[Opening STORED DATA section]

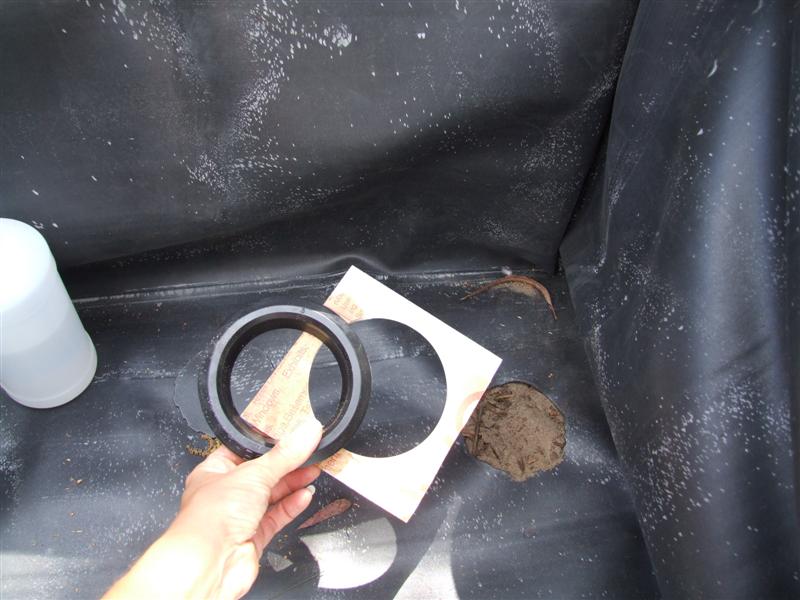 use backing (Medium).JPG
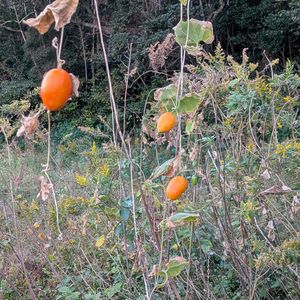 カラスウリ,ツルソバ,セイダカアワダチソウ,流木,空き地の植物の画像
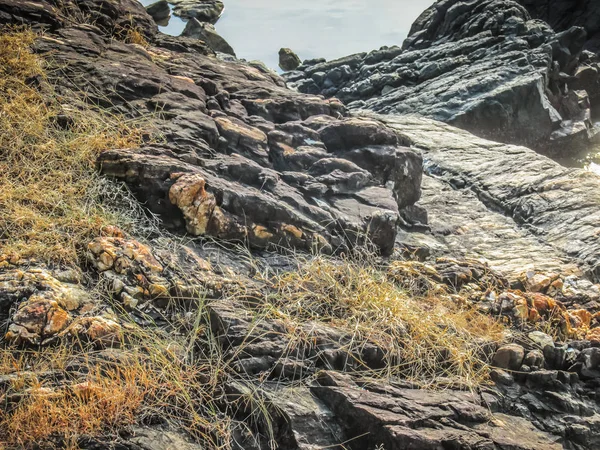 Wilde Küste Und Strand Südindien — Stockfoto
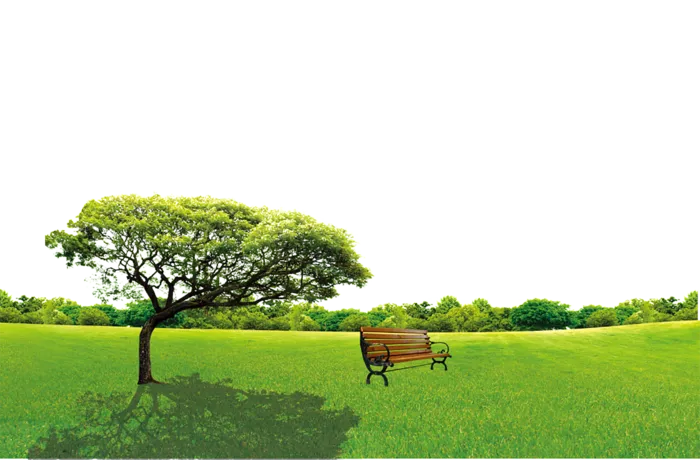 现代农业大树草坪
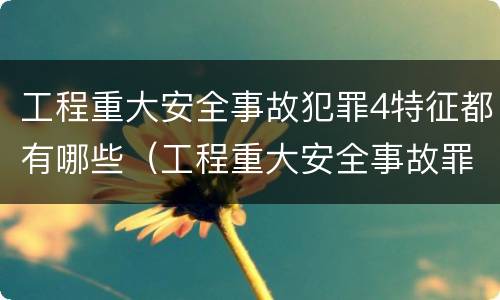 工程重大安全事故犯罪4特征都有哪些（工程重大安全事故罪是指什么）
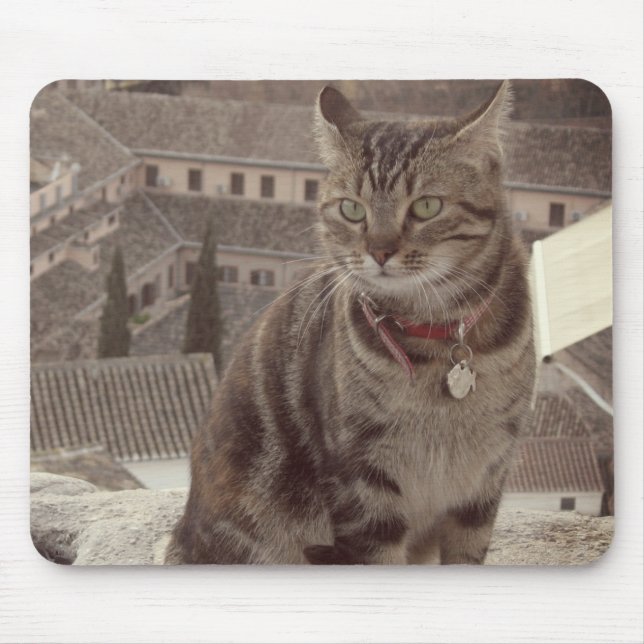 Cat Foto Mousepad (Vorne)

[Closing STORED DATA section]

--- WORK INSTRUCTION ---
Word for word, repeat the data above with the pictures left out.

--- SOLUTION TO THE PROBLEM ---
 use backing (Medium).JPG
 カラスウリ,ツルソバ,セイダカアワダチソウ,流木,空き地の植物の画像
 Wilde Küste Und Strand Südindien — Stockfoto
 现代农业大树草坪
 工程重大安全事故犯罪4特征都有哪些（工程重大安全事故罪是指什么）
 Cat Foto Mousepad (Vorne)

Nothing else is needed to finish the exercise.